Дальше надо было только научиться записывать то, что показывала «волшебная камера». Техника описания дана на простейшем уровне: «Что видишь, то и пиши, а чего не видишь, писать не следует. Вот: картинка загорается, картинка расцвечивается. Она мне нравится? Чрезвычайно. Стало быть, я и пишу: картинка первая. Я вижу вечер, горит лампа. Бахрома абажура. Ноты на рояле раскрыты. Играют „Фауста“. Вдруг „Фауст“ смолкает, но начинает играть гитара. Кто играет? Вон он выходит из дверей с гитарой в руке. Слышу — напевает.

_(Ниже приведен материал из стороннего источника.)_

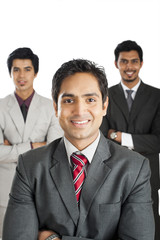 Portrait of a businessman smiling with his colleagues in the background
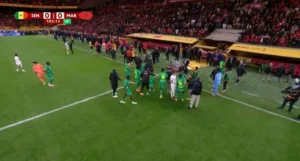 Les joueurs du Sénégal et du Maroc sont sur le terrain lors d'un match tendu, avec une foule vibrante en arrière-plan et le score toujours de 0-0.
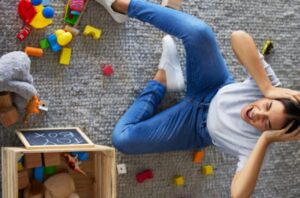 Mulher sentada no chão com expressão de exaustão por causa de burnout em donas de casa.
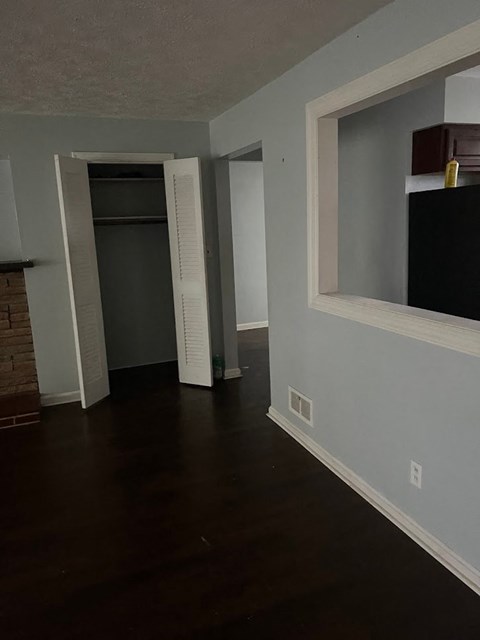 a living room with a window and a door to a closet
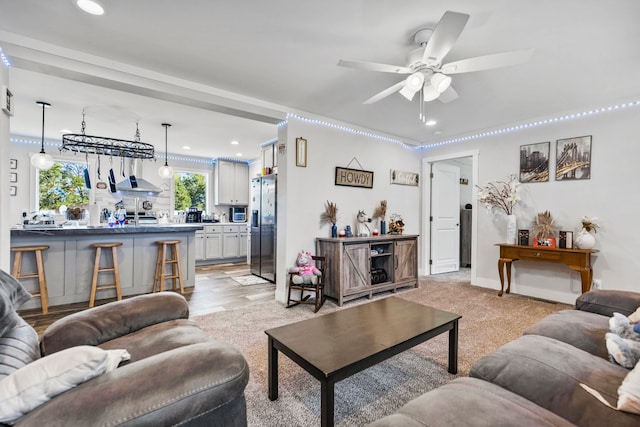 living area with recessed lighting and a ceiling fan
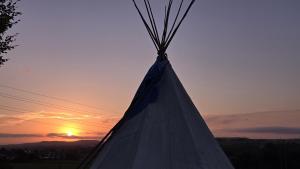 a close up of a tent with the sunset in the background at Stone Circle Glamping in Durrington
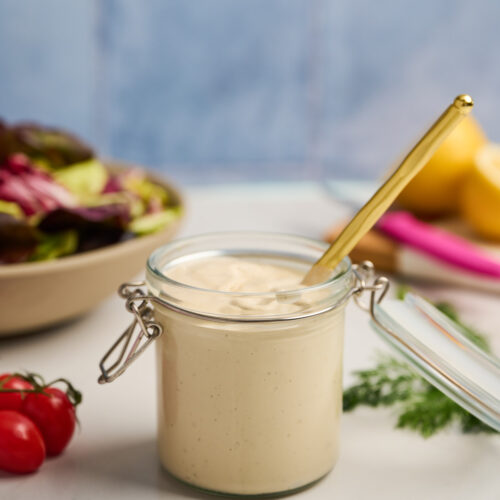 Jar of tahini dressing surrounded by salad ingredients and a gold spoon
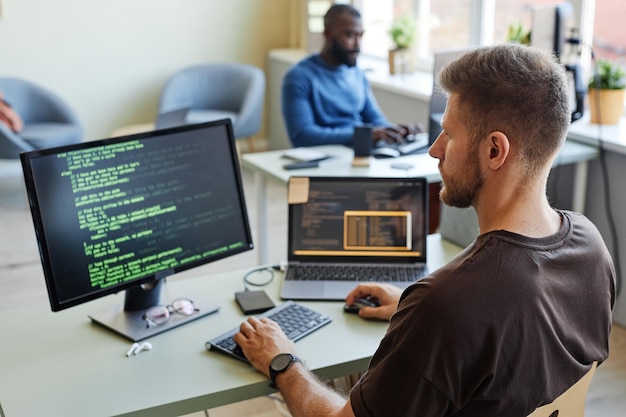 Photo portrait of software engineer writing code at workplace in office with multiple devices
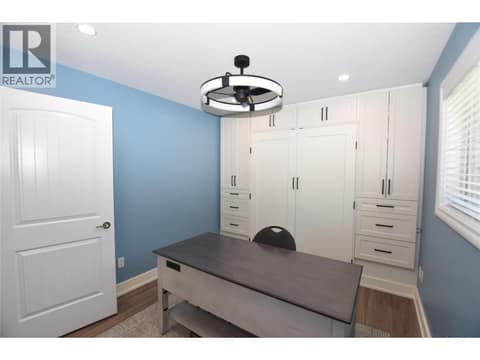 Built in shelving and a space to fit a queen sized bed when the shelving doors are open at 562 Meadowlark Avenue, Okanagan North, Vernon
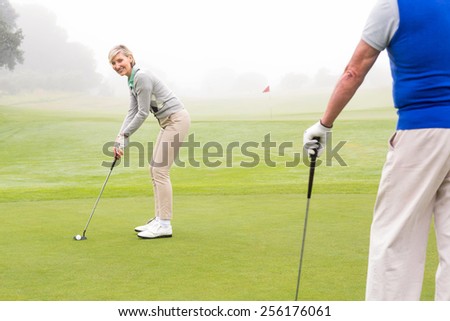 Lady golfer teeing off for the day watched by partner on a foggy day at the golf course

Пишу — напевает».
С безусловным доверием к автобиографической природе сказанного нужно воспринять те мучения, какие Максудов испытывает, пытаясь вместить книгу в пьесу. С часами в руках подсчитывая минуты, новоиспеченный автор выясняет, что чтение пьесы занимает три часа чистого времени. Но в театре время ведь «не чистое». Драматург с ужасом догадывается, что в театре бывают антракты, а во время спектакля — паузы. «Так, например, стоит актриса и, плача, поправляет в вазе букет. Говорить она ничего не говорит, а время-то уходит. Стало быть, бормотать текст у себя дома — одно, а произносить его со сцены — совершенно иное дело».
Дальше — технология перестройки романа в пьесу, во многом совпадающая с тем, что происходило в действительности. Сначала Максудов выбросил одну картину, но это положения не спасло. «Надо было еще что-то выкидывать, выбрасывать из пьесы, а что — неизвестно. Все мне казалось важным, и, кроме того, стоило наметить что-нибудь к изгнанию, как все с трудом построенное здание начинало сыпаться, и мне снилось, что падают карнизы и обваливаются балконы, и были эти сны вещие.
Тогда я изгнал одно действующее лицо вон, отчего одна картина как-то скособочилась, потом совсем выпала, и стало одиннадцать картин».
Общая схема того, что происходило в реальной театральной истории, совпадает с преображенной фантазией романиста. Огромная же разница заключалась в том, что, перестраивая пьесу, меньше всего думали, как вместиться в границы сценического времени или, как скажет Булгаков на диспуте после премьеры, чтобы зритель успел на последний трамвай.
Дело шло о том, с чем выходить к этому самому зрителю. Как вместиться «Белой гвардии» в границах исторического времени — вот что определяло беспрерывную правку пьесы, имевшей, по свидетельству П. Маркова, не менее семи редакций.